As long as there is no regulatory-approved alternative means of hedging (you know, futures, for example), then the JC says yes. The aspiration to maintain good relations with a body having power to regulate your operations, let alone a plausible apprehension of sanction (be it a monetary penalty, adverse publicity or the regulator barring you from operating in its market or just taking a dim view of your outfit) — provided it is sincere — is a reasonable commercial consideration which would prevent you from maintaining that hedge.
The bogus “why should I pay your hedging costs? I have no control over them” argument
Sniffy buyside counsel — especially hardcore ISDA specialists who are new to PB and don’t yet really understand it, might try suggesting a dealer’s hedging costs are its problem. This argument is bogus. Synthetic PB is just cash brokerage done with derivatives — the dealer hedges delta-one and has no skin in the game as it is simply executing a client order. The client would wear such costs in a cash trade — the dealer is an agent, after all — and the format of the transaction doesn’t make a difference. Okay: a swap counterparty is not in any legal sense an agent — that is axiomatic — but the trade is riskless principal, which is agency from an economic perspective.
- The dealer owes best execution.
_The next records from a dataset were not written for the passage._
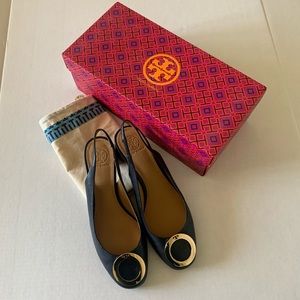 Navy Leather Slingback Heels (Never Worn)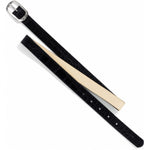 Brighton Mingle reversible belt in black leather with cream tan reverse side and silver buckle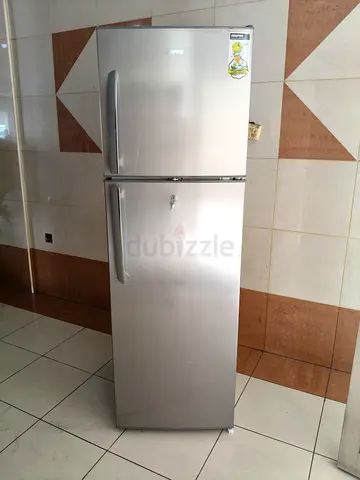 Silver Double-Door Refrigerator - Good Working Condition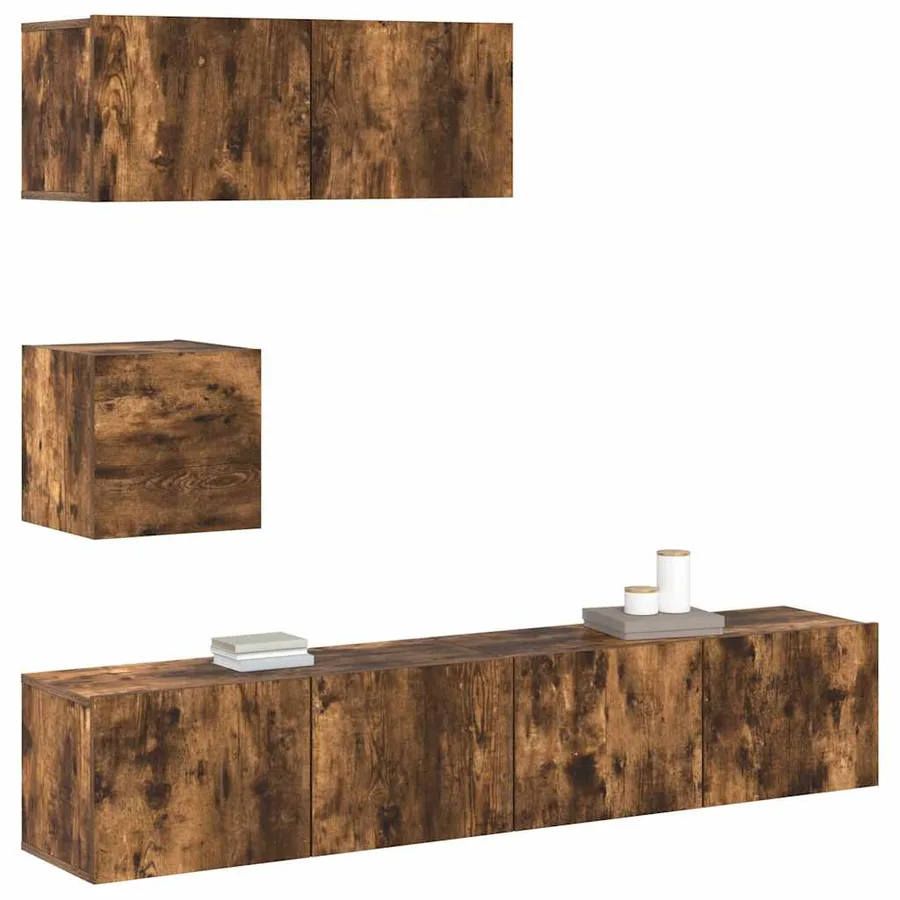 Ensemble de meubles TV 4 pcs Chêne fumé Bois d'ingénierie - 4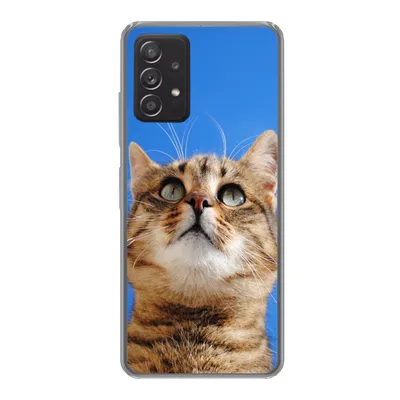 Produktbild von MuchoWow® Handyhülle Schutzhülle Hülle für Samsung Galaxy A53 5G Katze - Braun - Luft - Mädchen - Jungen - Kinder Silikon Softcase Handy Hülle - Schutzabdeckung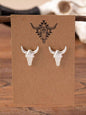 South Western Studs- Bull / Longhorn stud earrings : Silver / Bull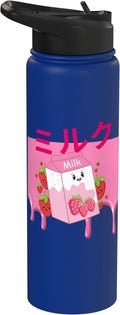 Retro 90s Japanese Kawaii Strawberry Milk Shake Carton Funny Stainless Steel Insulated Water Bottle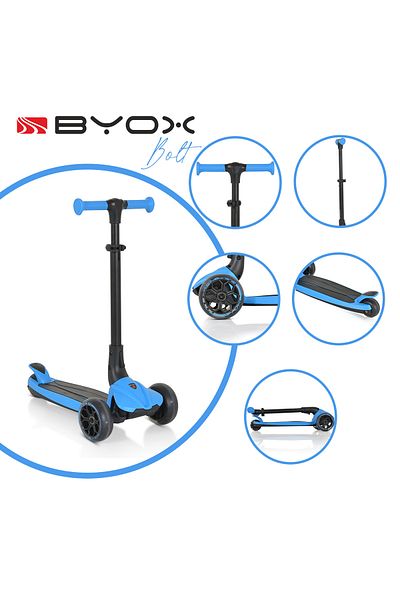 OEM BYOX Bolt 3-wheel scooter with LED lights, blue, age 3+ years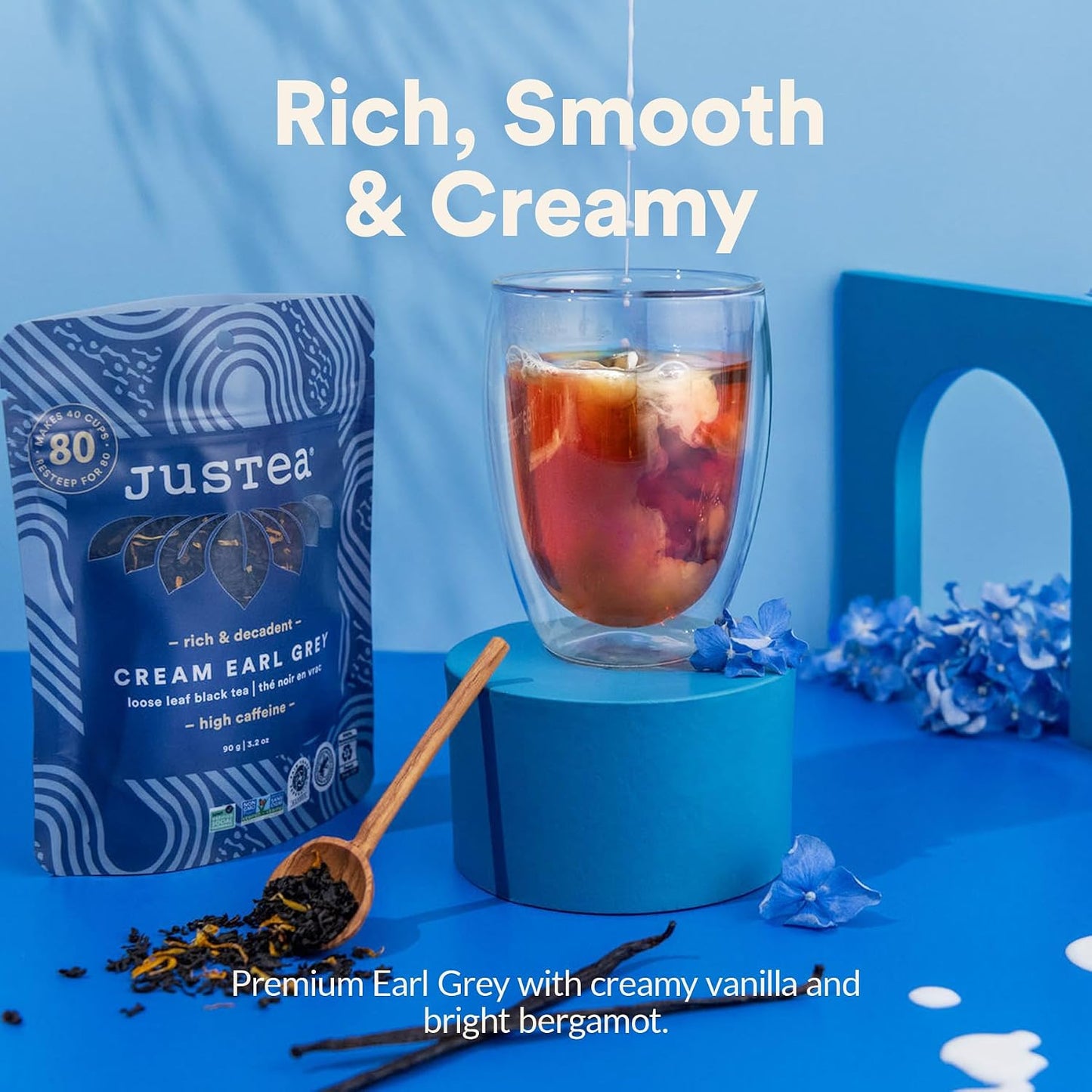 JusTea CREAM EARL GREY Loose Leaf Black Tea, 40+ Cups Pouch, 4/5 Caffeine | Fair-Trade CREAM EARL GREY Loose Leaf Black Tea. 90g/3.2oz Resealable Pouch. Steeps 40+ cups. 4/5 Caffeine. Organic.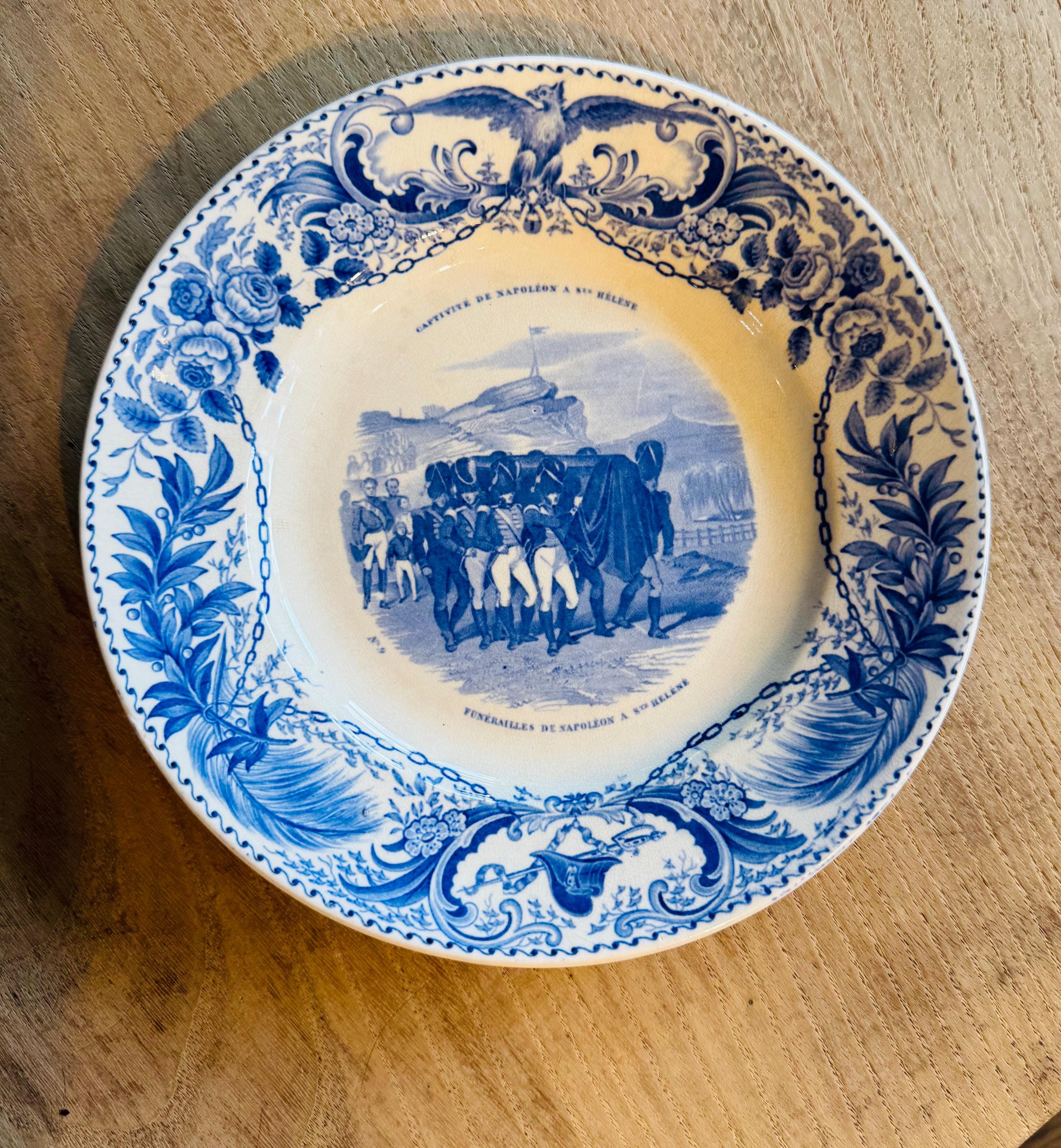 Antique French Transferware Plate – “Funérailles de Napoléon à Ste Hél ...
That means, (subject to contrary instructions) it has to interrogate all venues and get the best possible price.
- Under best execution rules the client may instruct the dealer to exclude certain venues and dealers.
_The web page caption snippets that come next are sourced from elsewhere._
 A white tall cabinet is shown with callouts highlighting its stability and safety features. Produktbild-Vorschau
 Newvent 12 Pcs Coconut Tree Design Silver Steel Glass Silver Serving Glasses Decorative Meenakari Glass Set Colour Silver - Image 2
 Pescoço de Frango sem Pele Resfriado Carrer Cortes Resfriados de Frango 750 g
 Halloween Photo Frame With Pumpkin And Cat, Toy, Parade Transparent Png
- To comply with best execution, the dealer must configure its order router to accommodate the client’s preferences.
- But excluding a venue impacts the quality of the available execution (whenever the excluded venue had the best price, you’d miss it).
- By not excluding the venue, therefore, you benefit from the venue being present (as long as it doesn’t fail) every order you place.
- Trades settle DVP so there is market risk in replacing the trade, not credit risk.
- The market risk could be significant: failure of a venue will heavily impact liquidity and market volatility for a period.
- Asking the dealer to underwrite a market loss when a venue or intermediate broker fails while getting the benefit its best pricing as long as it does not is asking for a free option on your own execution risk.